Recognizing when the strategy is applicable

Follow the follower is a useful strategy, but one that can be applied effectively only in some cases. In the above scenario, there were only two ‘players’, and the only thing that mattered in the race that they were participating in was whether they won or lost. This meant that in this case, ‘follow the follower’ was a valid strategy, which could have helped Liberty win the race.

However, if the conditions were different, this strategy may have been ineffective. For example, because changing course cannot be performed immediately, if the race had more than two ships involved, then the leading ship couldn’t always adjust to match the runner-up without sacrificing her lead, meaning that the strategy wouldn’t necessarily be helpful in this scenario.

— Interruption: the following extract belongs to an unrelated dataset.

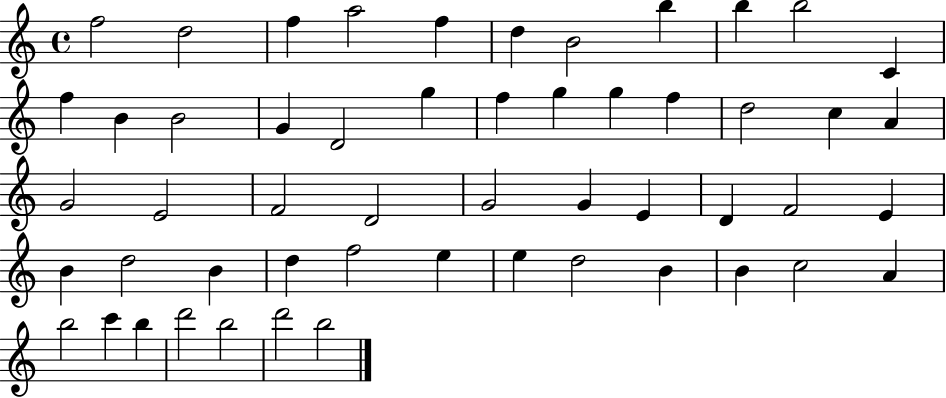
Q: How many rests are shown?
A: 0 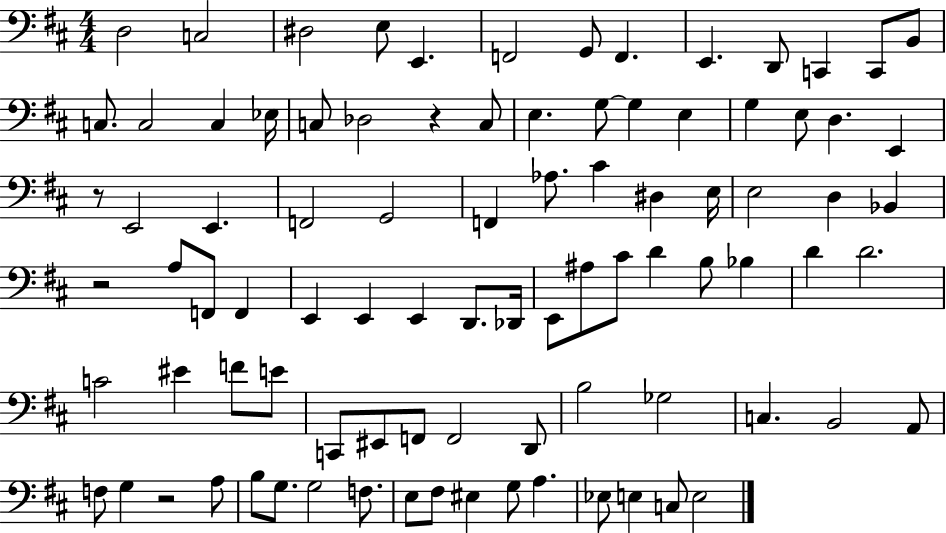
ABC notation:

In addition, the scenario which was discussed here represents a somewhat simplified view of reality. This is because there could have been other considerations that affected the American skipper’s decision, such as:

  • Winning by a big lead could be considered more prestigious.
  • Imitating the loser’s strategy could be construed as a lack of confidence.
  • There could be risk involved in changing course during the race, which could have caused the ship to lose its advantage.

Keep in mind that we also don’t know how confident the American skipper was in his choice of course. Specifically, it’s possible that his calculations showed a very high probability that his original course was significantly better, which given the considerations shown above could have prompted him to maintain course rather than imitate his runner-up.

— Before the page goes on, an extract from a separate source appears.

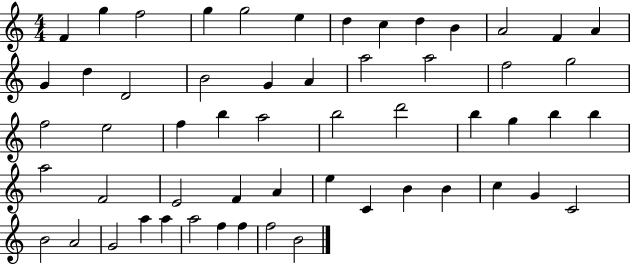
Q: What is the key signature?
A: C major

While these reasons don’t negate the fact that imitating the runner-up was the correct choice from a simple perspective of game theory, they offer some possible explanations as to why the American skipper made the choice to maintain his course. If, for example, the benefits (in terms of prestige) that come from winning the race by a large gap were significant enough to be worth a small chance of losing, then his choice may have been smart after all. At the same time, it’s also entirely possible that the choice of strategy was driven by ego or lack of strategic planning, rather than by careful consideration.

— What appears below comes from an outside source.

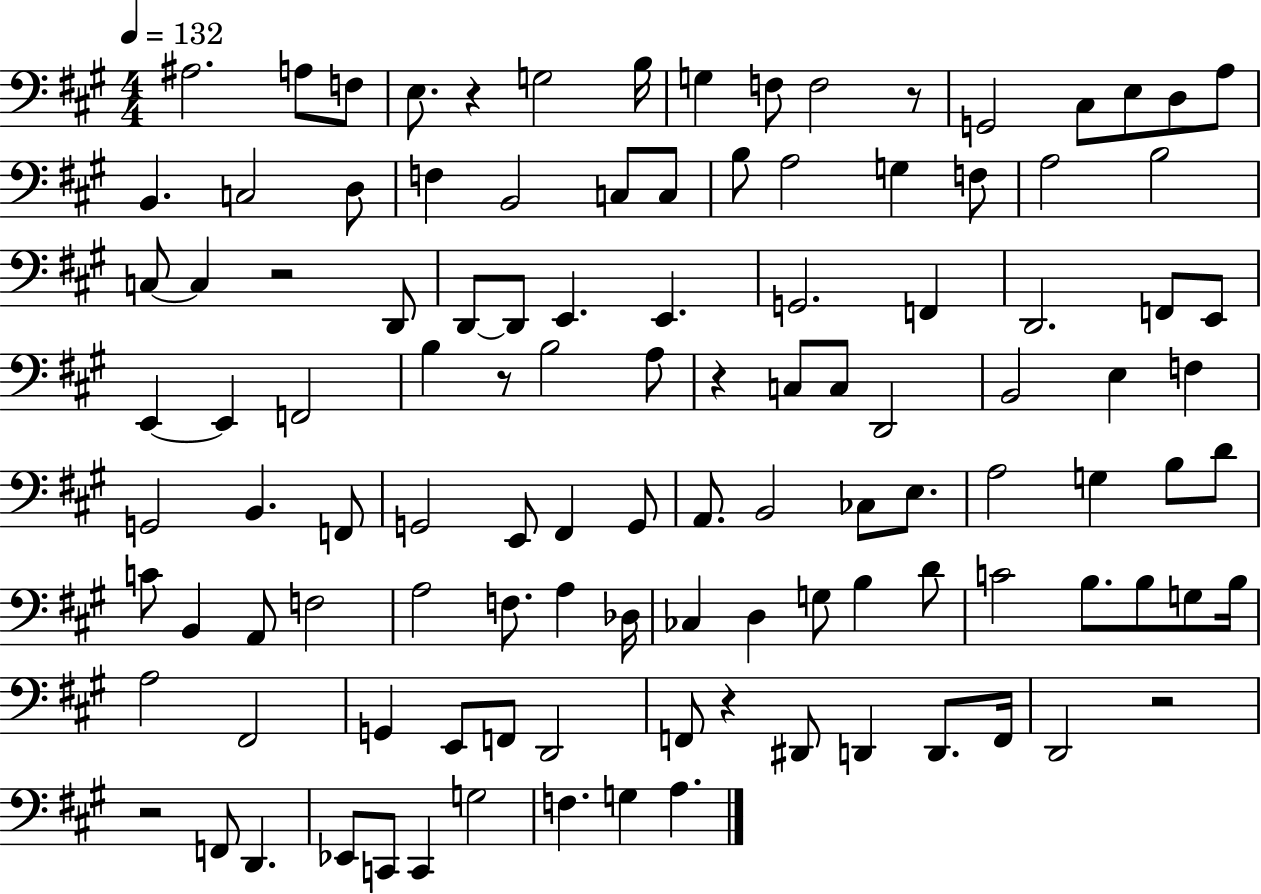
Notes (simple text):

Overall, this illustrates how messy reality is, which is an important lesson to remember when considering the applications of game theory in real life. There is a reason why simplified models are preferred in game theory; the more factors you add in, the more complicated the game becomes.


Summary and conclusions

  • ‘Follow the follower’ is a strategy when a leader in a competition imitates the strategy of their runner-up, in order to ensure that they maintain their original lead.
  • As long as the leader can perfectly imitate the closest runner-up, this strategy will lead to victory even if the runner-up selects a sub-optimal course of action.
  • For example, in a sailboat race with two competitors, the leading ship should always stay on the same side of the course as the ship behind it, in order to ensure that they win the race. The ship should do so even if it believes that a different course would have more favorable conditions, because by imitating their runner-ups, they ensure that they maintain their original lead until the end of the race.
  • This strategy is only applicable under certain conditions. It may not work, for example, in a race with more than two players, where there is a high cost to switching strategy in order to imitate the current runner-up, or in cases where it matters by how big of a lead the winner wins the game.
  • Even in situations where this strategy can be effective, ego and the desire to appear confident and win by a big margin could cause people to avoid using this strategy, despite the fact that it represents the best course of action.


The sailboat example and the rationale behind this strategy come from “The Art of Strategy: A Game Theorist’s Guide to Success in Business and Life“. It’s a good read for someone looking to understand basic game theory and how it applies to real-life situations.